If Ed Westwick is stressing about his latest TV project, ‘White Gold’ - a comedy drama based in 1980s Essex alongside one half of the celebrated ‘Inbetweeners’ quartet - he’s doing a good job of hiding it.
As he tells HuffPostUK, the ‘Gossip Girl’ star just doesn’t see the point of worrying about what audiences will think of his swaggering, bluffing, chancing double-glazing salesman Vincent Swan, something he’s discovered the hard way:
“There’s no point. I had something last year for NBC and everyone was loving it, it was the best pilot script ever, everyone promoted the shit out of it, and it tanked, it absolutely died,” he remembers ruefully.
“That was my first experience of that. I felt let down, it hadn’t been executed in the way I thought it was going to be, and I was the face to it and it died. But very quickly, I had an initial conversation with my agent, who told me, ‘it’s not your fault,’ so I don’t think about things outside my control any more.
“I would have felt more pressure now if that hadn’t happened. I know with this, the material’s good, we had a fucking laugh doing it, I enjoyed it when I watched it, and everyone else who’s watched it likes it, so fingers crossed.”
Judging by the reception that greeted the first showing of ‘White Gold’, starring Ed, Joe Thomas, James Buckley and also penned by ‘Inbetweeners’ co-creator Damon Beesley, it doesn’t seem like anyone has to worry. The characters are broad and silly, the storylines based on a 1980s sense of aspiration remembered by everyone over a certain age, the music loud, brash and instantly redolent of its time (the first scenes leap into life with Laura Brannigan’s ‘Gloria’ - what’s not to love?) and at the centre of it, slick, suave and tirelessly confident, Ed’s leading man, Vincent Swan.
“It was quite exhausting to play him, I’m pretty much in every scene,” he admits. “The dialogue is fantastic, but it was a lot at times in what were often constructed shots, so it was a test of all my skills for sure, but I had a lot of fun playing in this world, it just made me laugh.”

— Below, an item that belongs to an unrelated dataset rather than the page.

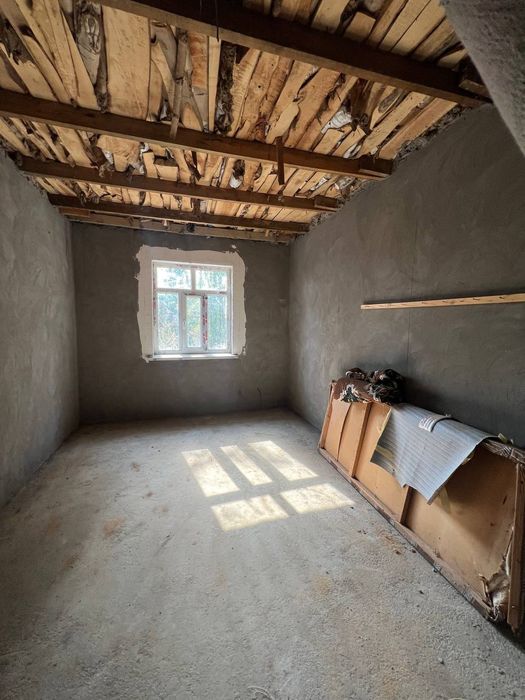 Ассалому алейкум Тошкент вилояти Бустонлик туманида Азодбош кишлогида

Between sweet-talking his way into a job and pretending to be a master of golf in order to secure another deal, it is clear Vincent isn’t a man to let inability get in the way of adventure. Ed says, contrary to how he appeared in his most famous role, that of Chuck Bass in ‘Gossip Girl’, that in real life he’s by no means a blagger.
“I’m not like that, I’m the first to admit I’m shit at something, but my brother is. I couldn’t overlook the fact that my older brother used to sell timeshare, so growing up, there was always that presence around, it was great to be able to draw on,” he remembers.
“My other brother is a blagger as well, so I had these two characters close to home, plus the writing coming alive from the page, plus people you meet or see.
“The thing about Vince is, he’s not a alien, we all know them.
“There was a kid growing up in my class who was exactly like that - always pushing, but knowing somehow how to do it, and getting what he wanted.”
“Maybe that’s what attractive about it.”
‘White Gold’ stars tomorrow (Wednesday) at 10pm on BBC Two.